Lorna Pelly, December 14th 2009, Built environment, General, Transport

Should an engineer designing a new road worry about the embodied carbon of a traffic cone? Should they be calculating the carbon sink opportunity of putting a shrubbery in the middle of a roundabout?

Perhaps not, but they should be considering the further maintenance and operation associated with the project and yes – the million dollar question - they should definitely be thinking about the 34 million cars registered in the UK which could drive on the new road.

Traditionally, design and build infrastructure projects have concentrated on just that - delivering a new asset ready for use, and then handing this over for operation. Anything beyond that - maintenance or repair, or the ongoing use of the asset - simply didn’t fall under the remit of the designer.

Over time however, contracts have expanded in scope, and contractors are now often expected to take on the first five or ten years of operation and maintenance to ensure they plan for the future. Any serious ambitions to rethink our approach to infrastructure to reduce carbon also need to take this wider, whole-life approach.

To take one example, when specifying a motorway central reservation with low carbon in mind, a road engineer may well opt for a metal barrier rather than the full concrete block. But if they were asked to think about the use of the road over the next 50-100 years and the maintenance of that central reservation, they might come to a different conclusion. The metal barrier – though lower in embodied carbon – is likely to be replaced more often than the concrete one, each time requiring a lane to be shut down, causing congestion and consequently a more significant whole-life carbon output.

Four major clients and experienced delivery partners working in infrastructure teamed up with Forum for the Future to think about a consistent method of approach for more holistic carbon management. Through the Engineers of the 21st Century programme, The Highways Agency, Network Rail (supported by RSSB), Atkins and Balfour Beatty tasked young engineers from each organisation to develop a way of assessing and managing the whole-life carbon of an infrastructure project. They came up with a carbon framework, a set of guidance principles and methods of assessment to start developing a common approach for carbon management.

Infrastructure projects, such as building or renewing roads or rail tracks, can take years in the design and build stages, involving a vast list of stakeholders and partners. To manage projects of this size, you have to break them down into contractual stages, supplier frameworks, scope of works and so on, all of which lead towards working within preset boundaries. But what we really want to know at the start of a project is ‘what will be the full carbon impact of doing this?’ or ‘which of our three major options would be lowest carbon overall?’

If the scope of infrastructure projects is expanded to include maintaining and using assets as well as building them, the first challenge is to understand what then falls within the full boundary of each project. If you are considering the impact of people driving on a new or improved road, do you need to also consider the embodied carbon of the cars?
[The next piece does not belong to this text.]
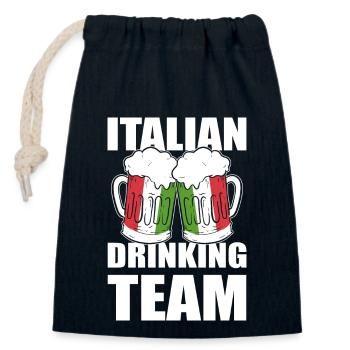 Italia - Sac cadeau en coton avec cordon (14 x 20 cm) - bleu marine - Devant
And when the construction phase causes congestion or diversions on existing roads, or those popular bus replacement services when railways are being maintained – should that be included in the project carbon total as well? And what about the embodied carbon of the sandwiches eaten by the construction workers on the site, or the paint on the white lines that need to be touched up 20 years later – do we really have to include that much detail to get a full picture?

The carbon framework offers general rules of thumb that will help with these tricky questions. It suggests that first, you should consider all carbon caused directly by a project. Once you have drawn the big circle around the full impact of the project, you can prioritise what carbon you will actively manage and, perhaps more controversially, what carbon you can dismiss because either you cannot influence it or because it is insignificant.

The framework sets out three main categories: carbon you will report (all carbon within the boundary of the project); carbon you will manage (significant, controllable and reducible carbon within the boundary); and carbon you will influence (significant, reducible carbon that may be in or out of the boundary).

It is in this influence box that we can start putting some big issues. A client or designer may not be able to control the number or type of cars driving on a road, but they can influence how they drive with smart design and traffic management. And the carbon reductions available from these kinds of interventions are significant.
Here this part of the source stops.